(Beginning of The records)

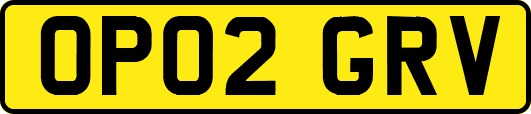 OP02GRV
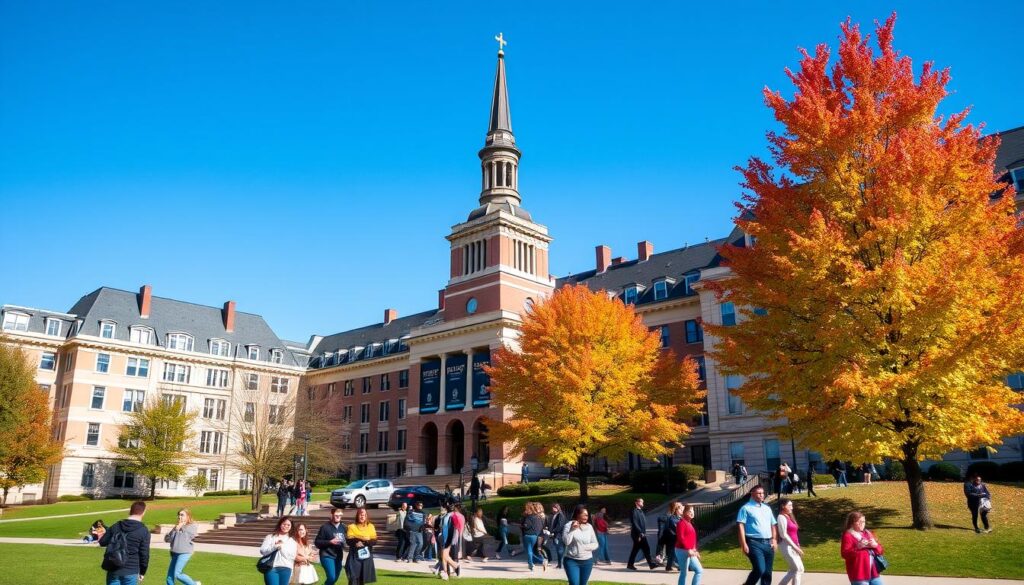 Purdue University accreditation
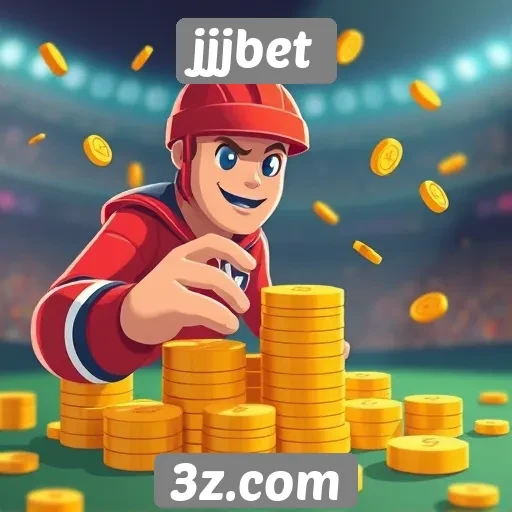 estratégias para maximizar ganhos no jjjbet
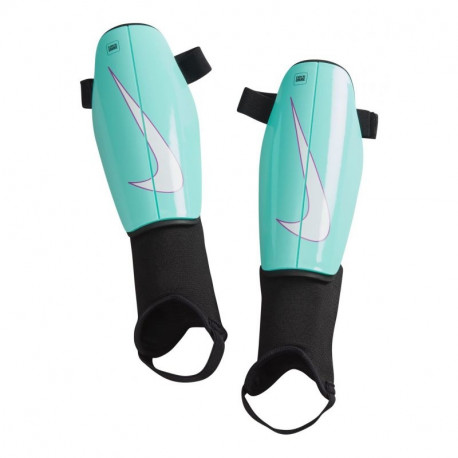 Nike Charge DX4608-354 Football Shin Guards (M (160-170cm))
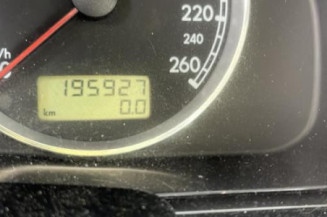 Jante VOLKSWAGEN PASSAT 4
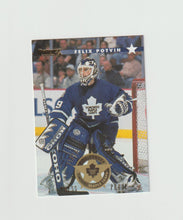 Load image into Gallery viewer, 1996-97 Donruss Press Proofs #96 Felix Potvin
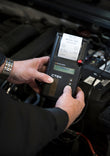 CTEK Diagnostics - Professional Battery and System Tester w/ Printer - 40-209.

(End of The records)

Because only the text is wanted, copy each record above precisely and omit its pictures.

• _Result_:
 OP02GRV
 Purdue University accreditation
 estratégias para maximizar ganhos no jjjbet
 Nike Charge DX4608-354 Football Shin Guards (M (160-170cm))
 Jante VOLKSWAGEN PASSAT 4
 Load image into Gallery viewer, 1996-97 Donruss Press Proofs #96 Felix Potvin
 CTEK Diagnostics - Professional Battery and System Tester w/ Printer - 40-209.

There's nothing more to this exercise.